Skip to content

Deployment & Compatibility — Microservices Interview

Target: Senior Engineer · Engineering Lead · Pre-Architect Focus: API versioning, deployment strategies, feature flags, schema evolution


Q: How do you deploy code changes without breaking clients?

Why interviewers ask this: Safe deployments are the difference between seamless rolling updates and widespread outages.

Answer

Deployment safety layers:

API Versioning → Feature Flags → Canary Deployment → Rollback Plan

Safe API versioning:

Rules:
1. Add fields, never remove
2. Old clients ignore unknown fields
3. Support old + new versions simultaneously

Example:
OrderV1 = {id, amount}
OrderV2 = {id, amount, estimatedDelivery}

Both /v1/orders and /v2/orders live for 6 months, then /v1 retired

Feature flag pattern:

@Configuration
public class FeatureFlagsConfig {

    @Bean
    public FeatureFlagService featureFlags() {
        return new FeatureFlagService();
    }
}

@Service
public class OrderService {

    @Autowired
    private FeatureFlagService flags;

    public OrderResponse createOrder(OrderRequest req) {
        if (flags.isEnabled("new-checkout-flow")) {
            return newCheckoutFlow(req);
        }
        return legacyCheckoutFlow(req);
    }
}

Canary deployment:

# Deploy new version to 10% of traffic
apiVersion: networking.istio.io/v1beta1
kind: VirtualService
metadata:
  name: order-service
spec:
  hosts:
    - order-service
  http:
    - match:
        - headers:
            user-id:
              regex: ".*-canary$"  # 10% of users
      route:
        - destination:
            host: order-service
            subset: v2
    - route:
        - destination:
            host: order-service
            subset: v1  # 90% traffic stays on v1

Monitoring canary health:

If error rate (v2) > error rate (v1) × 2 → rollback immediately
If latency (v2) > latency (v1) + 500ms → rollback
Otherwise → promote to 100% after 30 minutes

Architect Insight

Canary deployment separates "code deployment" (safe, instant) from "feature release" (gradual, monitored). This is the most important safety mechanism.
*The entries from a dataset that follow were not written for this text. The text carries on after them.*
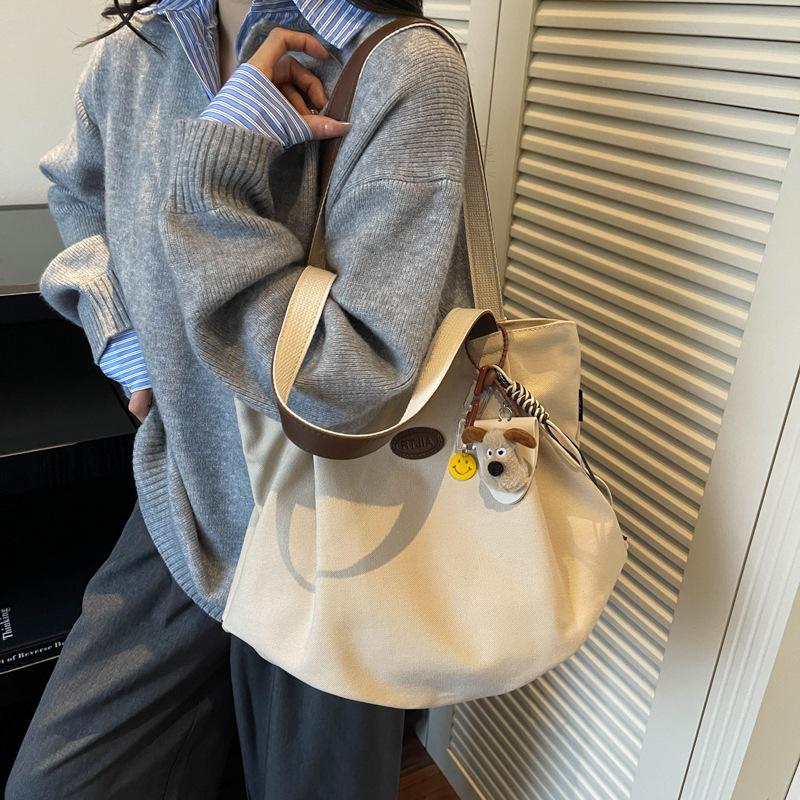 2025 Autumn Solid Color Casual Women's Shoulder Bag Women's Korean Version Large-capacity Student Portable Class Commuter Tote Bag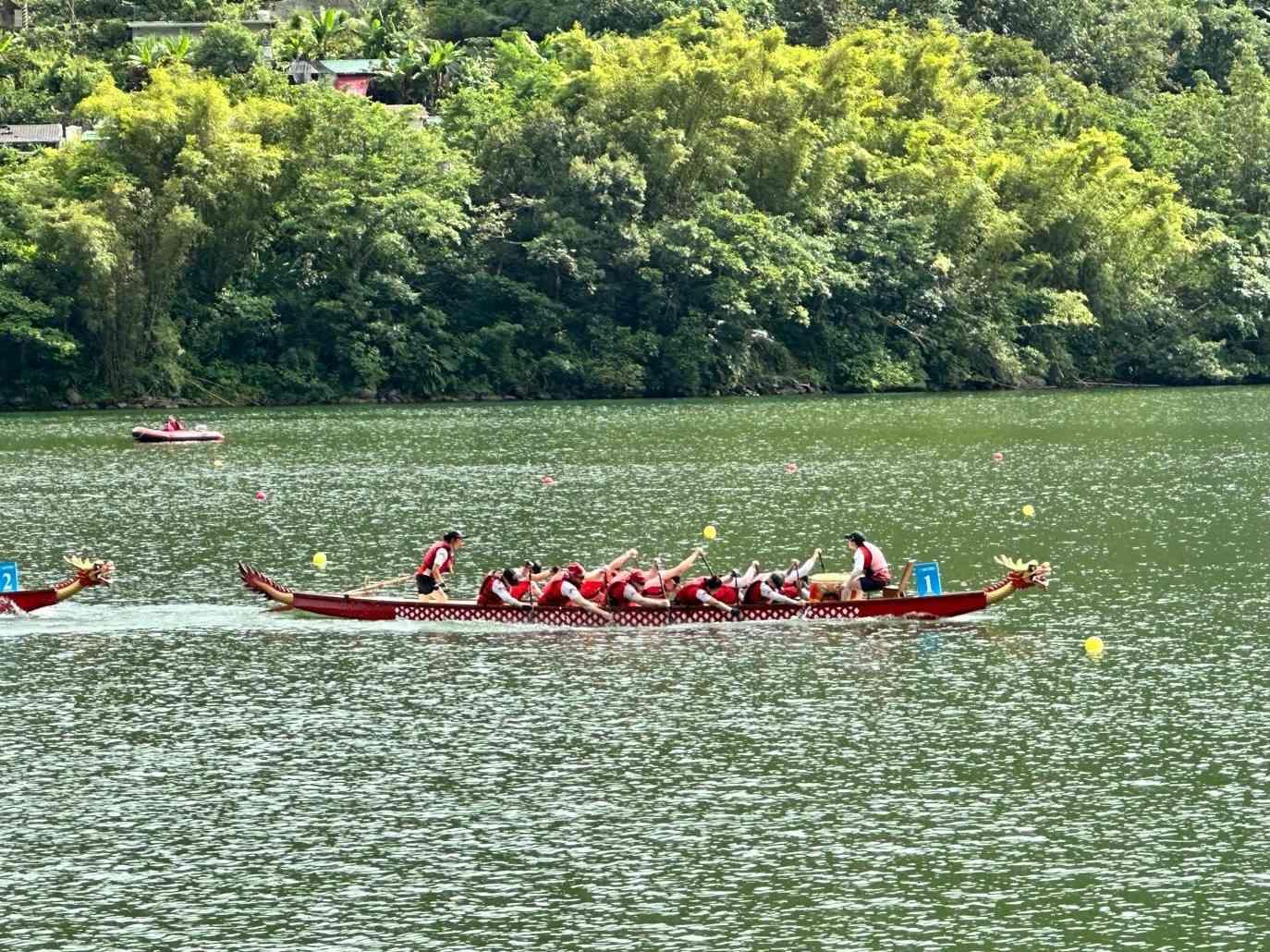 Our team paddling in the 2k race
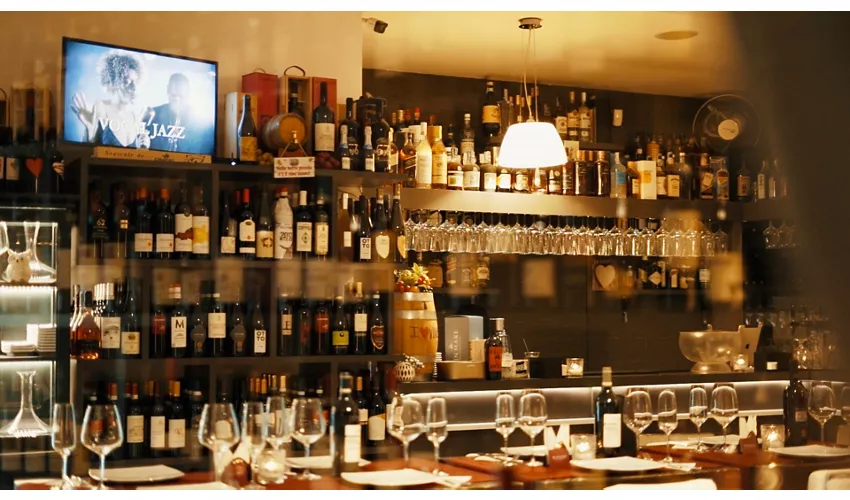 Vinness | Vineria & Gastronomia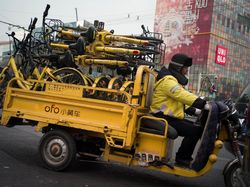 Kuburan Jutaan Sepeda, Masih Bagus Tapi Dibuang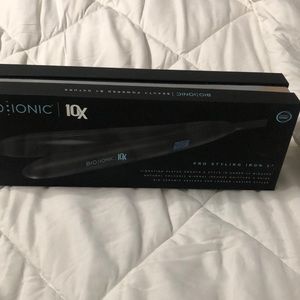 Bio ionic 10X,Pro styling iron 1”.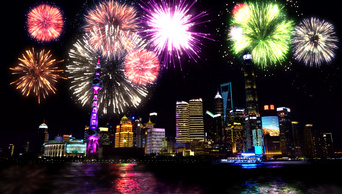 喜迎欢度国庆上海外滩城市夜景燃放绚烂烟花
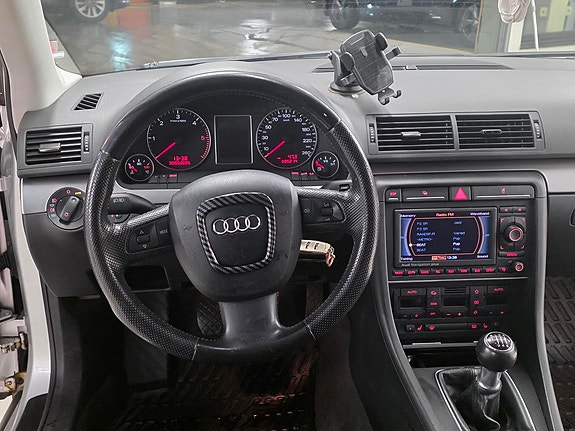 Audi A4 5 of 16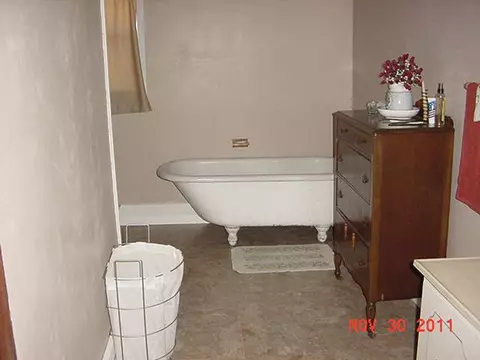 400 E Grove St, Table Grove, IL 61482 photo 13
Q: How do you handle breaking schema changes?

Answer

Database migration pattern (zero-downtime):

BEFORE: orders = {id, customer_id, amount}

Step 1: Add new column (nullable)
ALTER TABLE orders ADD COLUMN status VARCHAR(20) DEFAULT 'pending';

Step 2: Deploy code that reads/writes status (old code ignores it)
OrderService:
  - Write: both old and new columns
  - Read: check new column first, fall back to old

Step 3: Data migration (while service is running)
UPDATE orders SET status = 'completed' WHERE completed = true;

Step 4: Remove old column (can be deferred months)
ALTER TABLE orders DROP COLUMN completed;

Version your events too:

// Original event
public class OrderCreatedEvent {
    public String orderId;
    public BigDecimal amount;
}

// After adding field, version it
public class OrderCreatedEventV2 {
    public String orderId;
    public BigDecimal amount;
    public String currency;  // New field
}

// Consumer handles both
public void handleOrderEvent(OrderCreatedEvent event) {
    if (event instanceof OrderCreatedEventV2) {
        currency = ((OrderCreatedEventV2) event).currency;
    } else {
        currency = "USD";  // Default for old events
    }
}

Q: How do you manage feature flags at scale?

Answer

Feature flag service:

@Service
public class FeatureFlagService {

    @Autowired
    private FeatureFlagRepository repo;

    @Autowired
    private RedisTemplate<String, Boolean> cache;

    public boolean isEnabled(String flag, String userId) {
        // Fast path: check cache
        Boolean cached = cache.opsForValue().get("flag:" + flag + ":" + userId);
        if (cached != null) return cached;

        // Miss: check database
        FeatureFlag ff = repo.findById(flag).orElse(null);
        if (ff == null) return false;

        // Evaluate: is this user in the cohort?
        boolean enabled = ff.isEnabledForUser(userId);
        cache.opsForValue().set("flag:" + flag + ":" + userId, enabled, Duration.ofMinutes(5));
        return enabled;
    }
}

Flag types:

Type Rollout Example
Percentage Enable for X% of users "new-checkout": 10% today → 50% tomorrow
User ID Enable for specific user set "vip-users": enable for VIP customer segment
Environment Enable per environment "debug-logging": enabled in staging only
Time-based Enable at specific time "black-friday-sale": enable Nov 28-30

Cleanup:

// After 3 weeks in production, feature is stable
@Scheduled(cron = "0 0 0 * * ?")
public void cleanupOldFlags() {
    flagRepository.deleteByCreatedBefore(LocalDate.now().minusMonths(1));
}

Diagram — Safe Deployment Pipeline

graph LR
    Dev["Code Commit"]
    Tests["Tests Pass\n· Unit + Integration"]
    Staging["Deploy Staging\n· Smoke tests"]
    Canary["Canary 10%\n· Monitor 30 min"]
    Prod25["Gradual 25%"]
    Prod100["Full 100%"]
    Rollback["Auto Rollback\n(error rate spike)"]

    Dev --> Tests
    Tests --> Staging
    Staging --> Canary
    Canary -->|Healthy| Prod25
    Prod25 -->|Healthy| Prod100
    Canary -->|Error rate > 2%| Rollback

    style Canary fill:#ffe066
    style Rollback fill:#ff6b6b
    style Prod100 fill:#51cf66